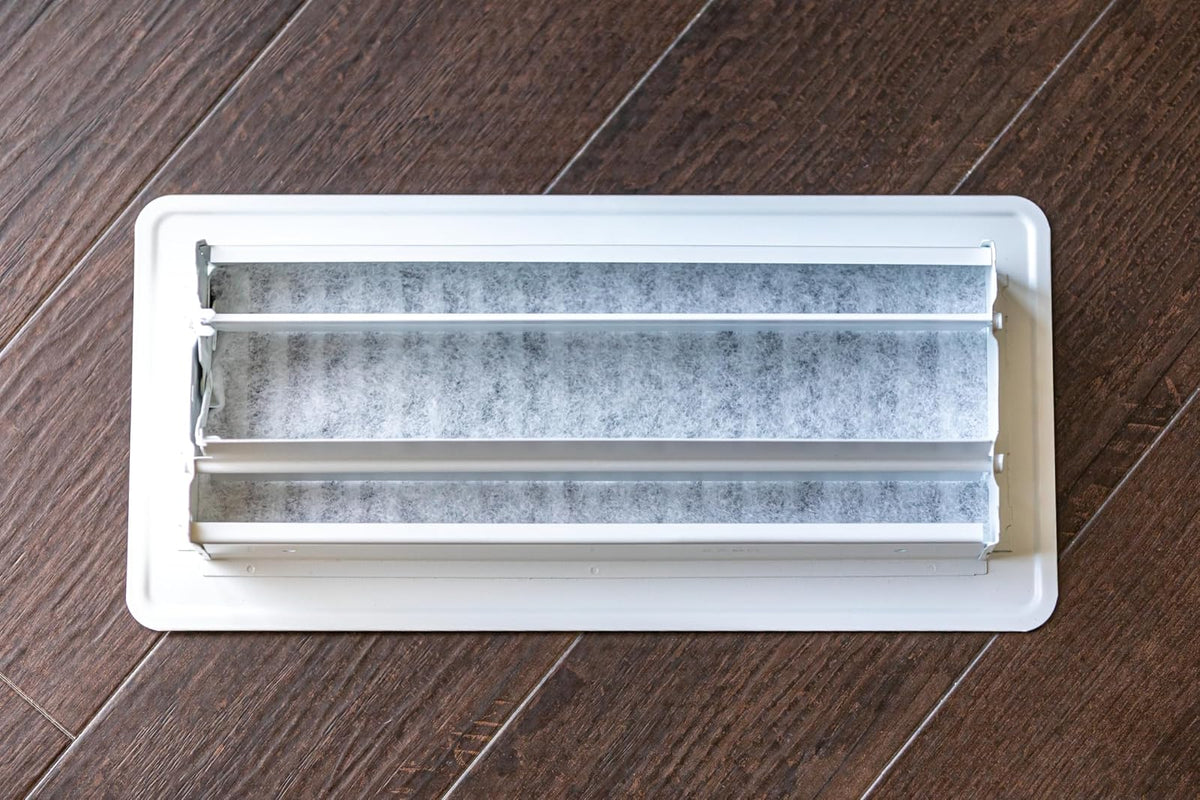 Duck Brand Filtros de ventilación de aire, reducen las partículas transportadas por el aire como polvo, caspa, polen y atrapan los desechos en tu sistema de ventilación, filtros de ventilación de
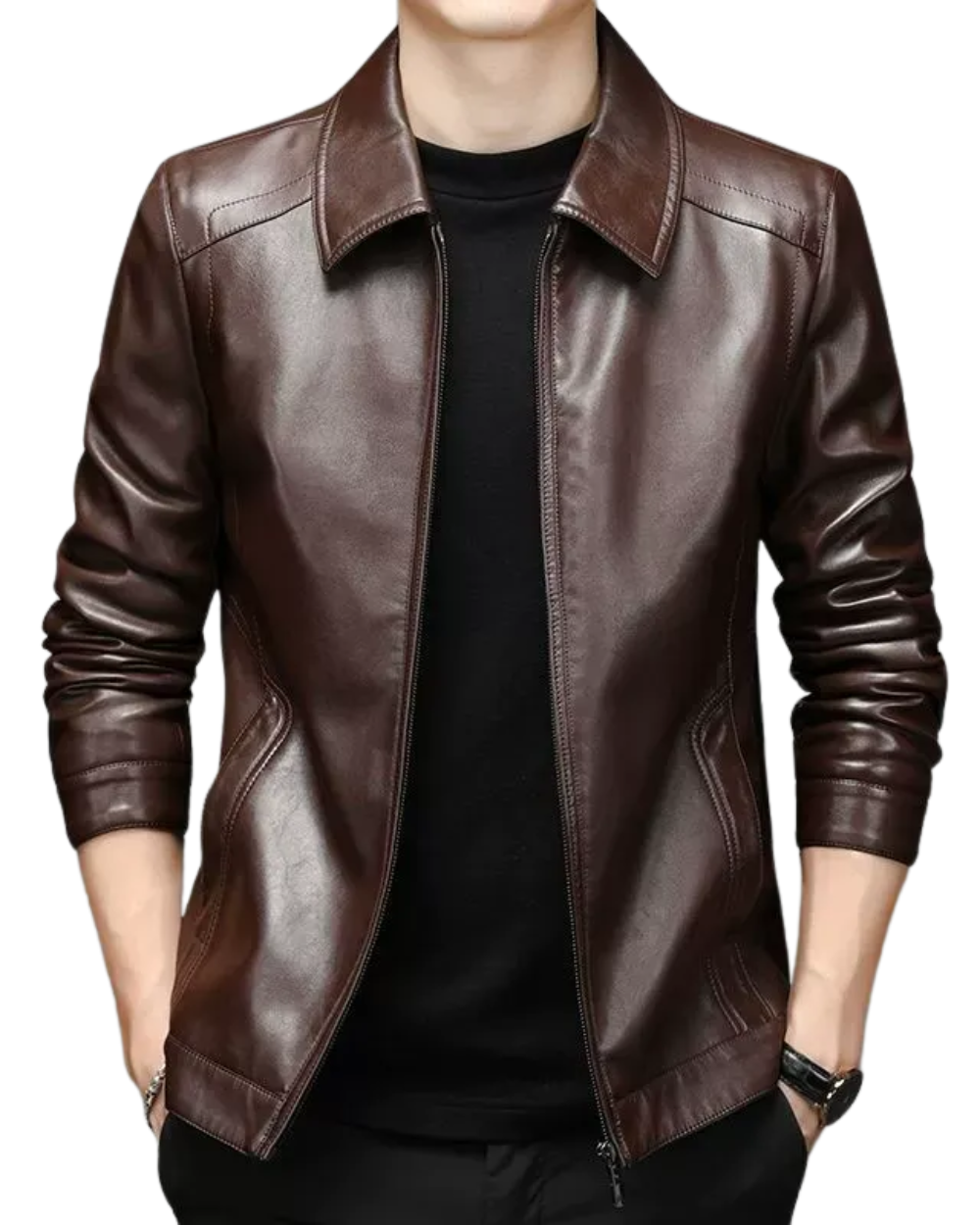 Victor - Casual Leather Jacket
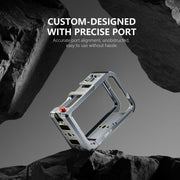 For DJI Osmo Action 5 Pro STARTRC Metal Cage Expansion Adapter Frame with Cold Shoe (Grey)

### Action item
Could you retype exactly, and only, the lines running from the one with "Victor - Casual Leather Jacket" to the last line of the listing, while leaving any pictures out?

### Result of the exercise
 Victor - Casual Leather Jacket
 For DJI Osmo Action 5 Pro STARTRC Metal Cage Expansion Adapter Frame with Cold Shoe (Grey)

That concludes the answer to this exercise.